Lady Mantis was born from the memory of my grandmother and her ongoing commitment to turning us into little entomologists.
The movie Jaws permanently altered my relationship with all bodies of water. Even the bath tub was a potential death trap and don't even get me started on the swimming pool.
Admiral Earl Grey is a seasoned explorer of the seas, protecting little girls from what lurks just below the bubble bath.
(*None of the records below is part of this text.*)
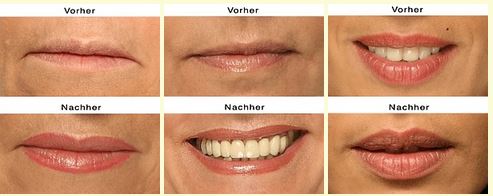 lippenkonturen mit permanent makeup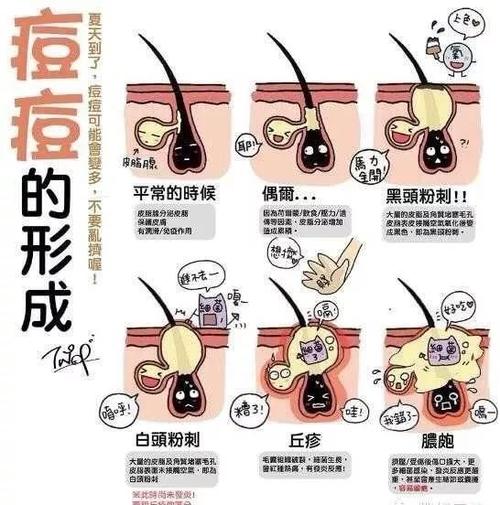 你是痘痘肌吗?趣痘驿站提醒你两大原因不容忽视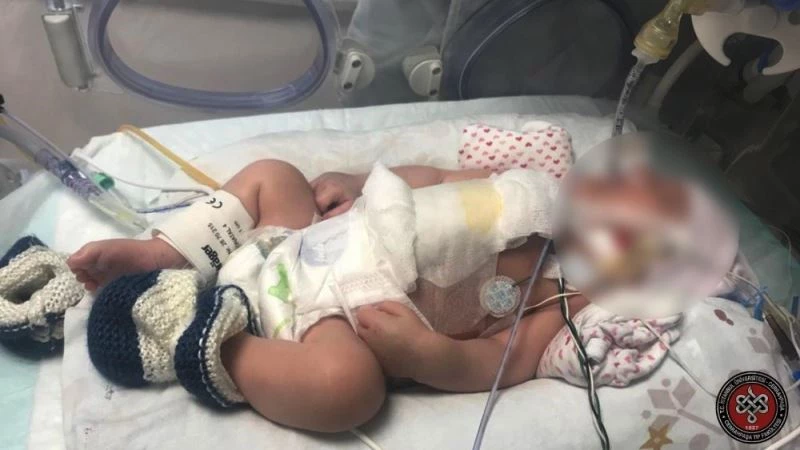 Yapışık ikizler 7 saat süren operasyonun ardından ayrıldılar
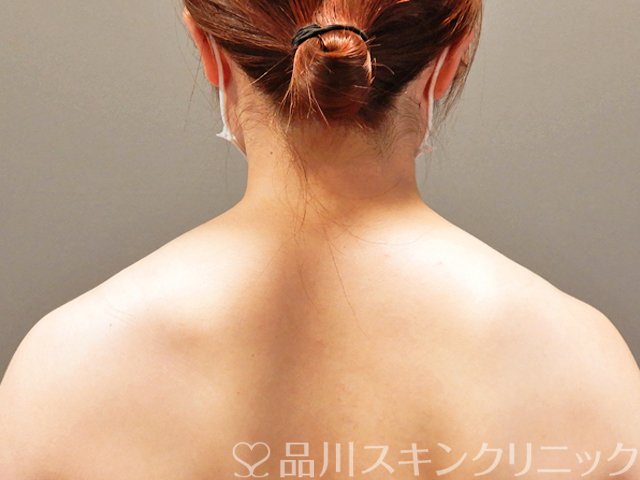 症例NO.69431のBEFORE写真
Alone in my room I would be fully entrenched in adventures; grand performances with rhinos, deep sea explorations with Admiral Earl Grey, and of course lengthy discussions with the Professor and Lady Mantis. These were big, loud, colorful occations and thus I was always a little confused as to why the nanny told my parents that I had spent the afternoon "playing quietly in my room". She must have been taking a nap or something.
Eat your veggies
My sister recently gave birth to a healthy happy baby girl. I was fortunate enough to spend a few weeks with her over the course of her pregnacy and each time was astounded how much her growing belly would change, sometimes just in the course of the day.
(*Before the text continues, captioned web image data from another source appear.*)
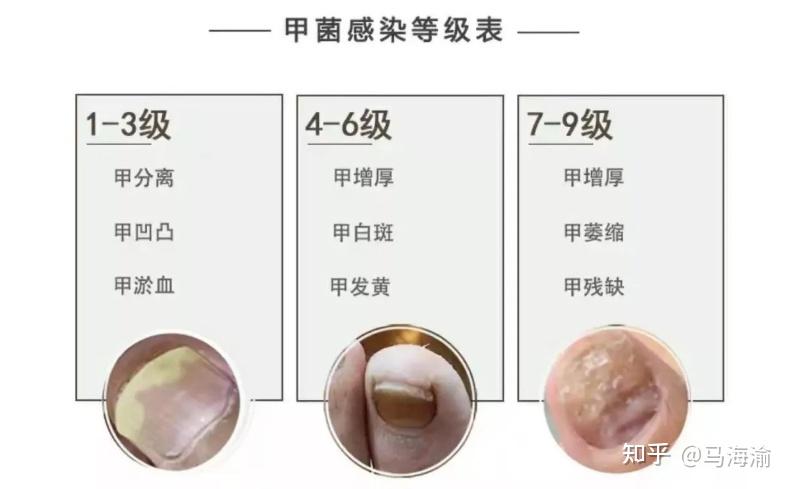 灰指甲怎么形成的原因 v2-ce800feb2587511667b9c9b11560f536_r.jpg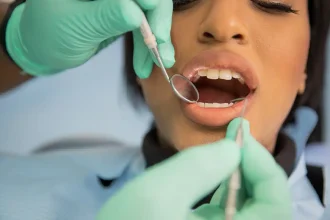dental implants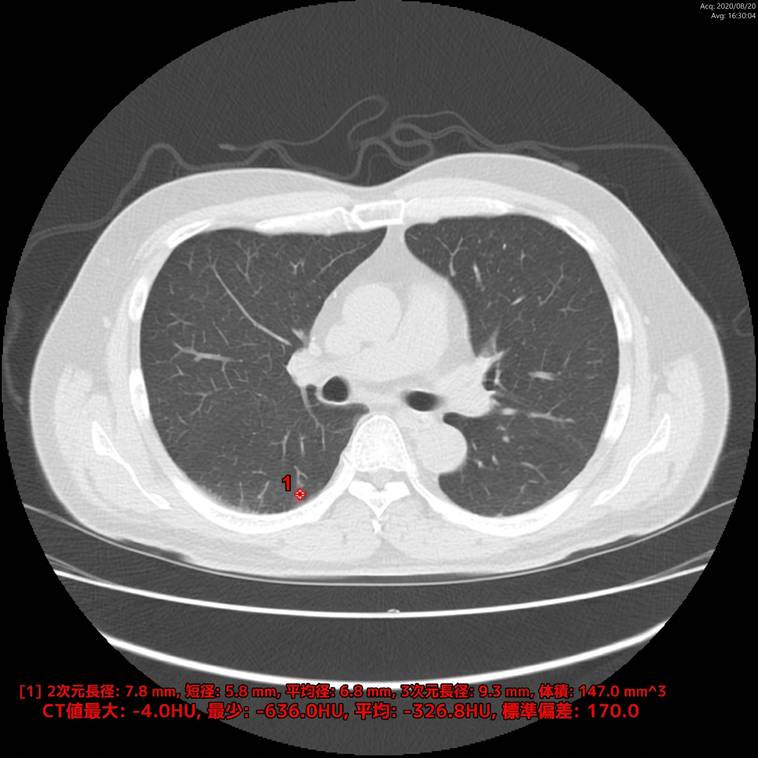 EIRL Chest CT2 解析画像サンプル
When a friend came to me with the idea of creating a Pregnancy Fruit Desk Calender I jumped at the chance to produce the illustrations. This 38 week calender compares the growing fetus to favorite fruits and vegetables of comparable size. Each illustration is also a post card, allowing mothers (and fathers!) to keep eager friends and family updated on what their growing seed is up to each week.
Currently in production.
Girl. Bike. Dog.
Every adventurer needs a good side-kick, and what better combination then a girl and her plucky pup.
Created as a study on sequential illustration and transitional styles, Girl.Bike.Dog attempts to captures the special bond between kid and canine.
Each night after his father turns off the lights, James climbs onto his rocking horse and gallops into the open plains just beyond the twilight horizon. With his loyal horse and a slew of helpful travelers, James continues the search for his mother; finding her each night in the space just between sleep and wake.
The illustrations are excerpts from the wordless picture book, Moonlight Cowboy.
Special Class: Reflections on Reading
Growing up in a family of readers and writters, books were held in high esteem. As a toddler my sister once ripped out the pages of her library books in a willful protest against nap time. We all quickly learned that there was no offense greater in my mothers eyes: books were as valuable as gold and we were to treat them as such.
Needless to say when I began school and fell behind in reading, I was hit with a full scale remediation plan. My mother spent hours patiently helping me read and re-read my favorite stories. I eventually got the hang of it, but still remember the feelings of confusion and excitement that I associated with the written word.
Originally created for a memory card game title Book Smart, these images capture my experiences as a young reader.
My drawing space is cluttered with random scraps of paper covered in doodles; magical time machines, and complicated mysteries, and usually a cast of characters attempting to figure it all out.
I often feel bad for these forgotten adventurerers, so occasionally bring them to life in the hopes of helping get them a little closer to their ultimate destination.
You never know what doodle will turn into the next full scale project.